Di pari passo col dilagare della sommossa nel tessuto metropolitano, da Peckham ad Oxford Circus, da Croydon ad Hackney, i quartieri londinesi si trasformavano in hashtag di Twitter; e con l’estensione dei disordini al resto del Regno i #tottenhamriots divenivano #londonriots fino ad ingigantirsi in #ukriots.
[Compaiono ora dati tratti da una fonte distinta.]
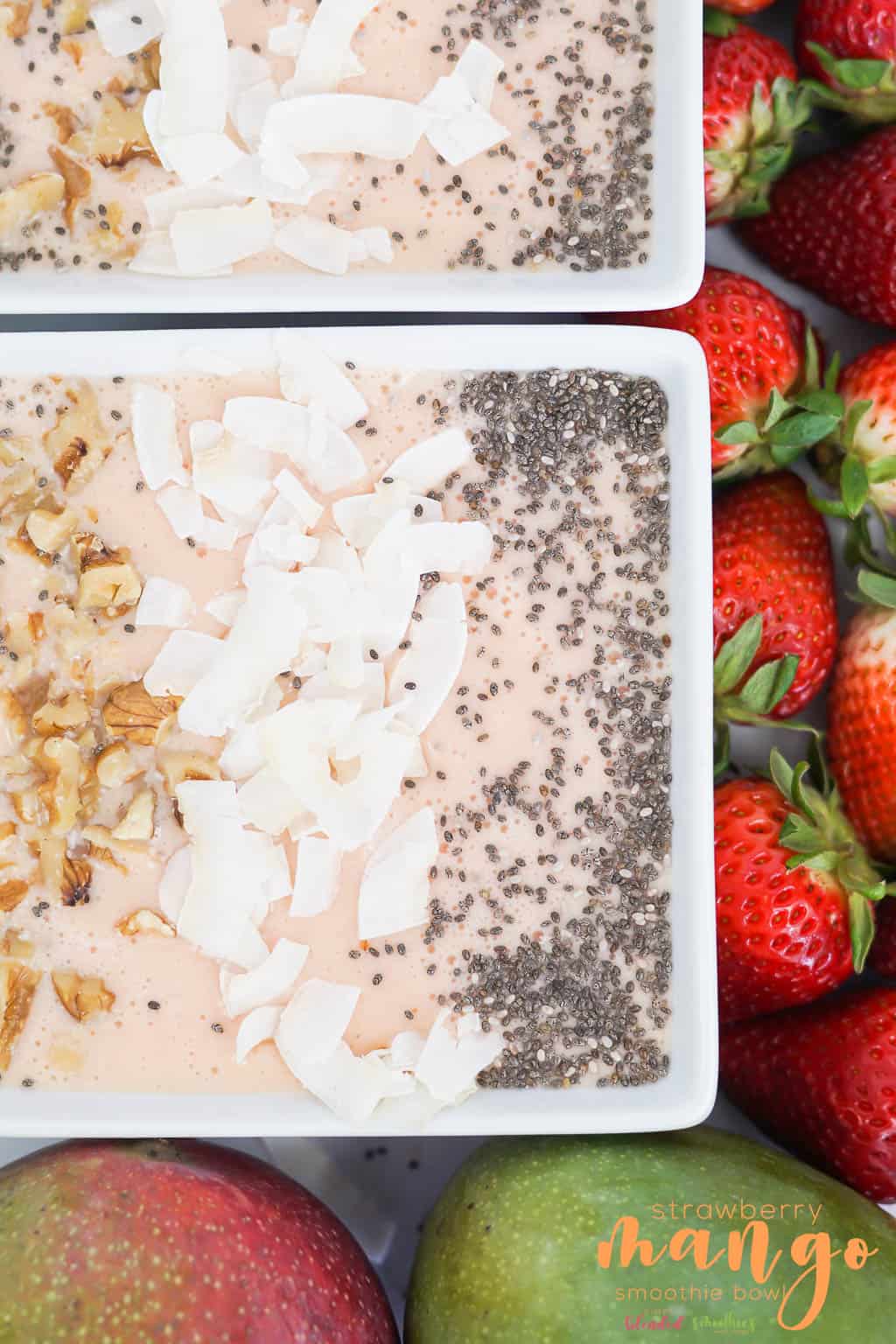 Strawberry Mango Smoothie Bowl - ce délicieux smoothie bowl à la mangue et à la fraise est si facile à réaliser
Una cassa di risonanza enorme per gli insorti che hanno sfidato l’apparato altamente specializzato della MET, la polizia metropolitana in grado di contare sul panopticon orwelliano delle CCTV – le onnipresenti telecamere a circuito chiuso che fanno del regno insulare uno dei paesi più sorvegliati al mondo – e sul sistema cifrato di radiotrasmissione Airwave.

 

Ma il cuore dell’organizzazione e del coordinamento delle azioni è stato il servizio di messaggistica gratuito BBM (BlackBerry Messenger, che gira esclusivamente sullo smartphone dell’azienda canadese RiM, uno dei più diffusi tra i teenager d’oltremanica),  la cui natura privata e pseudoanonima ha reso difficile l’opera di contrasto ai disordini; con lo scambio di informazioni e coordinate che avveniva attraverso messaggi individuali e “broadcast” da uno a molti, ripubblicati solo parzialmente o successivamente sugli altri social network.